= Andrea Clark =

African-American photographer

Andrea Clark (March 19, 1945 – October 29, 2025) was an African-American photographer living in Asheville, North Carolina. She is best known for her black and white photographs that document Asheville's East End community taken circa 1968-1972.

== Early life and family ==
Andrea Elizabeth Clarke was born to James Howard Clarke and Mildred Rae Johnson Clarke in Cambridge, Massachusetts. Her education included Cambridge Rindge and Latin School and nursing school before she moved to Asheville in 1965.

Her paternal family had roots in Asheville. Her father was the son of master mason James Vester Miller, who had been born into slavery in 1858 in Rutherford County, N.C, and moved with his family to Asheville soon after the Civil War. In his youth, Miller developed an interest in construction and architecture through observation and working on job sites, eventually honing his craft as an apprentice under the city’s premier brick masons. His superior skills garnered the attention of prominent local architects, most notably Richard Sharp Smith, who oversaw the Biltmore Estate construction. Miller eventually established his own firm, Miller & Sons, successfully securing contracts within a construction industry that was largely controlled by White competitors. Miller’s work includes some of Asheville’s most iconic structures, including St. Matthias Episcopal Church (Asheville, North Carolina), Mt. Zion Missionary Baptist Church, the Young Men's Institute Building (currently known as the YMI Cultural Center), and the Asheville Municipal Building, among others. Later in the 1930s Miller founded Violet Hill Cemetery in West Asheville, named in honor of his wife.
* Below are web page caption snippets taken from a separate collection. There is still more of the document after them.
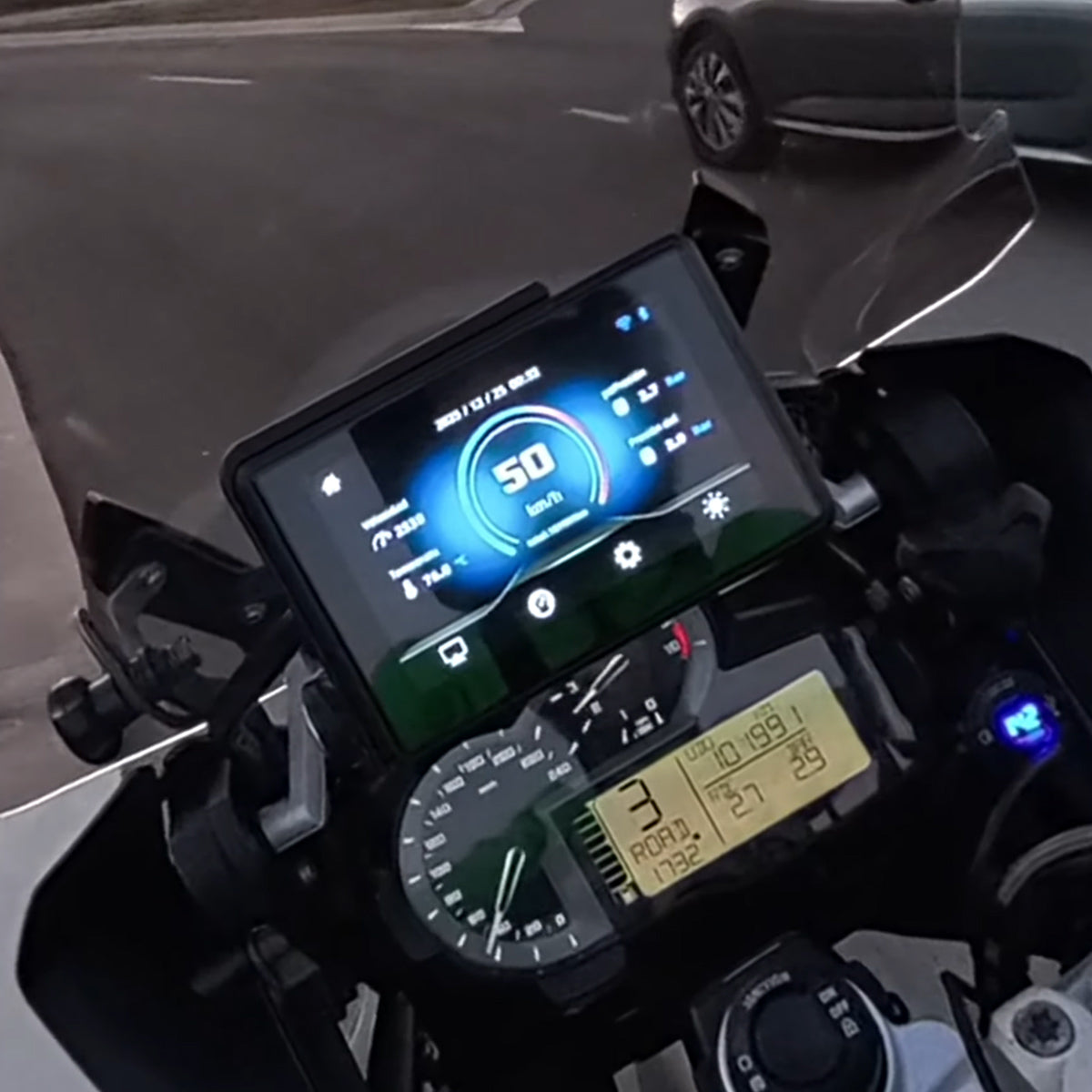 Linkifun BMW Motorcycle Series showcasing motorcycle screens compatible with BMW OEM mounts, Wonder Wheel control, and optional GPS and camera features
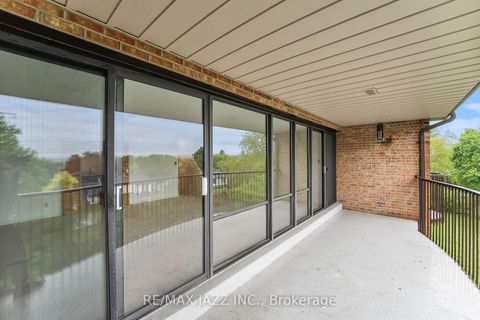 Photo 10 at 403 - 337 Simcoe Street N, O'Neill, Oshawa
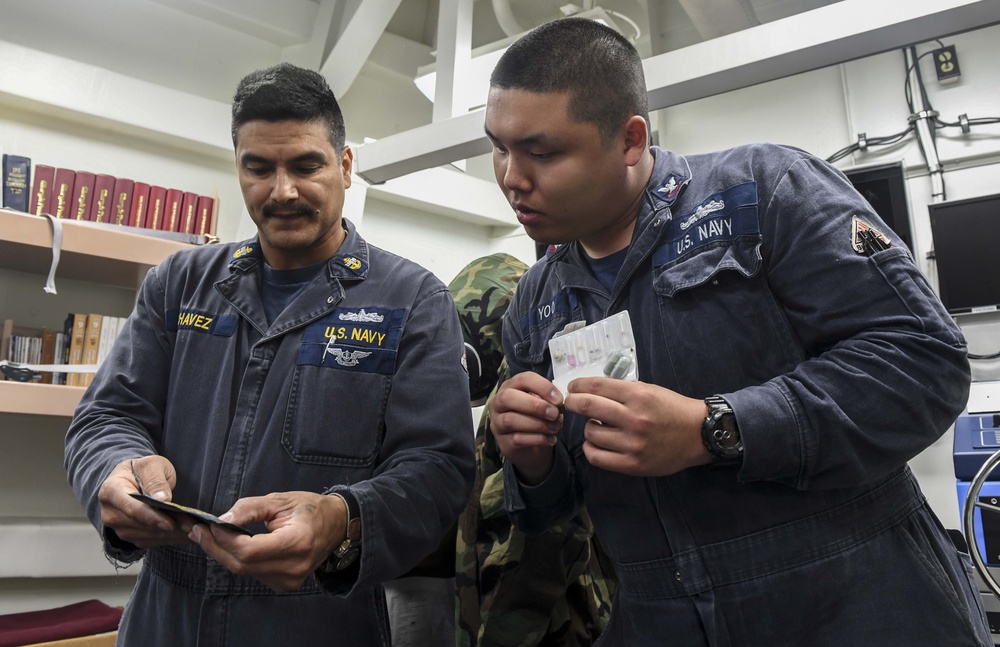 USS Wayne E. Meyer Conducts Advanced CBR Training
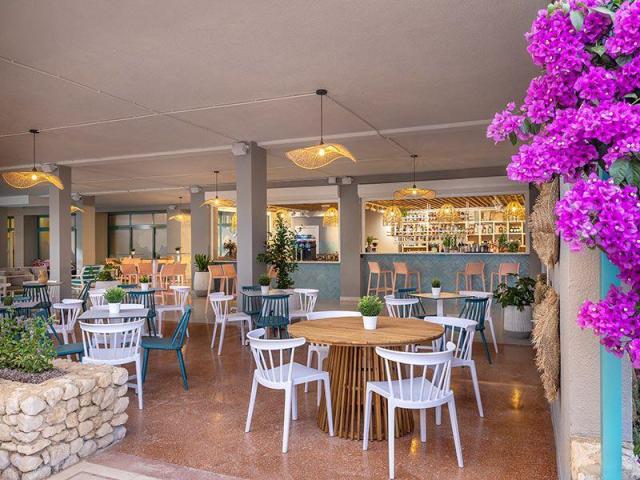 Sunny bar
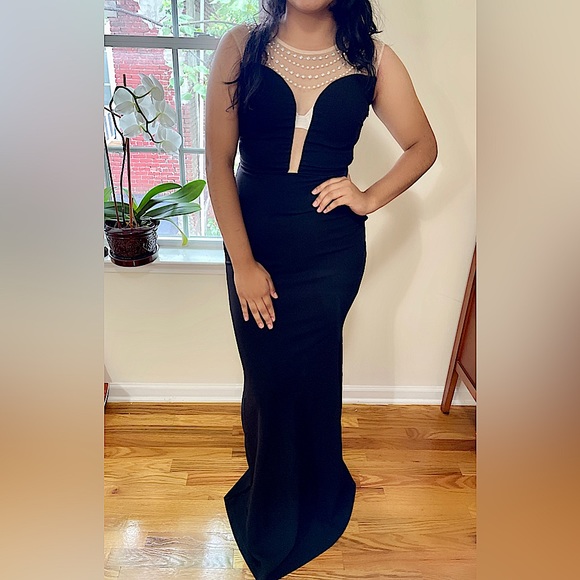 Windsor black prom dress - Picture 2 of 6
He was laid to rest there upon his death in 1940, leaving behind a legacy that continues to shape Asheville’s cultural and physical landscape.
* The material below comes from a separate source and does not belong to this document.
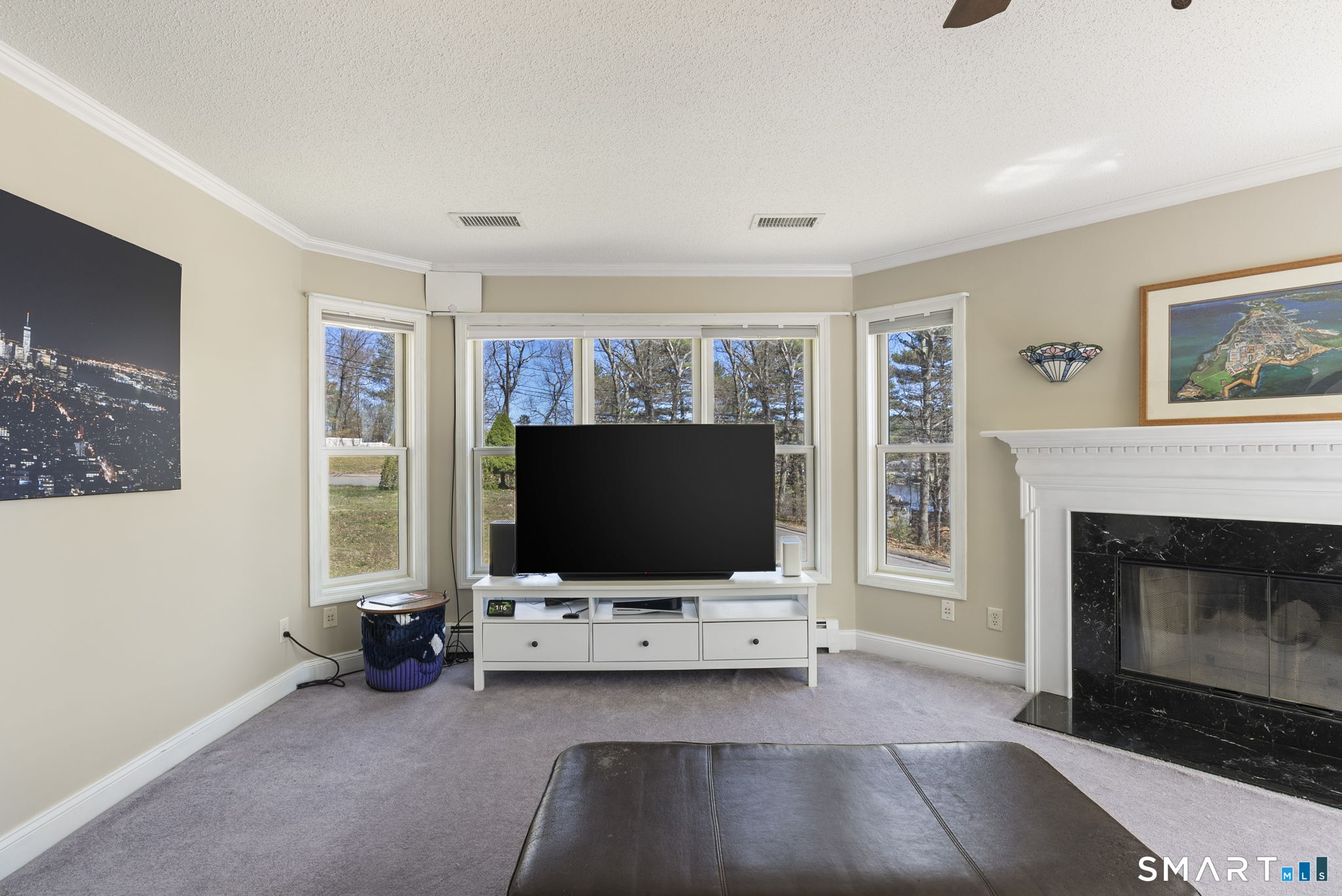 8 Pine Street Ellington CT 06029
One of Andrea's passions was working on documenting her family heritage and creating the James Vester Miller Walking Trail.

== Career ==
Andrea Clark is best known for her career as a photographer, particularly a series of hundreds of black and white photographs that provide some of the only documentation of Black neighborhoods that were destroyed as part of Asheville's urban renewal efforts. The East End had been a vibrant Black community since the 1880s, but by 1978, the City of Asheville had razed much of it, and families were relocated to other neighborhoods.
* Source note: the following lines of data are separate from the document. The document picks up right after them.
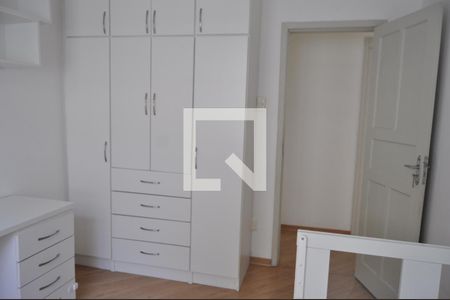 Casa de condomínio à venda com 130m², 3 quartos e 1 vagaQuarto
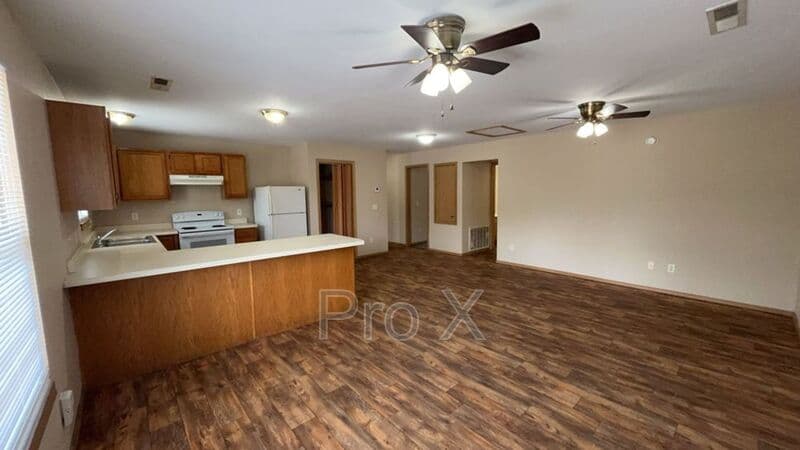 Springdale House: 315 Texas Ln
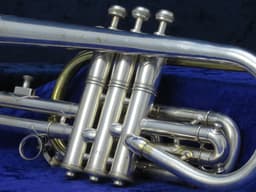 Blessing Junior Shepherd’s Crook Two Tone Cornet 1961 Serial #9431 Blessing Junior Shepherd’s Crook Two Tone Cornet 1961 Serial #9431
These photos were a central part of the project "Twilight of a Neighborhood: Asheville's East End, 1970," funded by the North Carolina Humanities Council in 2008. As part of the project, Clark and others also recorded oral history interviews with residents impacted by the destruction of the East End."Andrea Clark's photographs capture the full spectrum of community life in Asheville's East End in 1970. The images portray a neighborhood with bustling business and street life, gardens where people grew their own food, and sidewalks on which children played under the watchful eyes of elders."Clark's East End photos have been displayed at the YMI Cultural Center, the Asheville Museum of History, and Pack Memorial Library. The Andrea Clark Collection is part of Buncombe County Special Collections at Pack Memorial Library.

== Legacy and death ==
In 2020 Clark was awarded the Sondley Award by the Historic Resources Commission of Asheville and Buncombe County. While Clark was honored to have been given the award, she was quick to point out that it was named for Foster Alexander Sondley and as such rooted in institutional racism. When Sondley bequeathed his extensive personal library to the City of Asheville upon his death in 1931, it was under the strict caveat in his will that the books were to be viewed by “well-conducted white people” only. Later in 1943, Sondley's collection became the reference section of the Pack Memorial Library, and during conversations around desegregation of the library system, administrators frequently cited Sondley's will as a justification for denying access to the historical archives and refusing service to black residents in Buncombe County.

As a result of Clark initiating and facilitating important conversations around inclusivity and honoring collective community history, the following year the Historic Resources Commission elected to change the name of the award to the Historic Resources Champion Award, and honored Andrea Clark again with the new distinction in 2021.

On October 29, 2025, Ms. Clark passed away at the age of 80.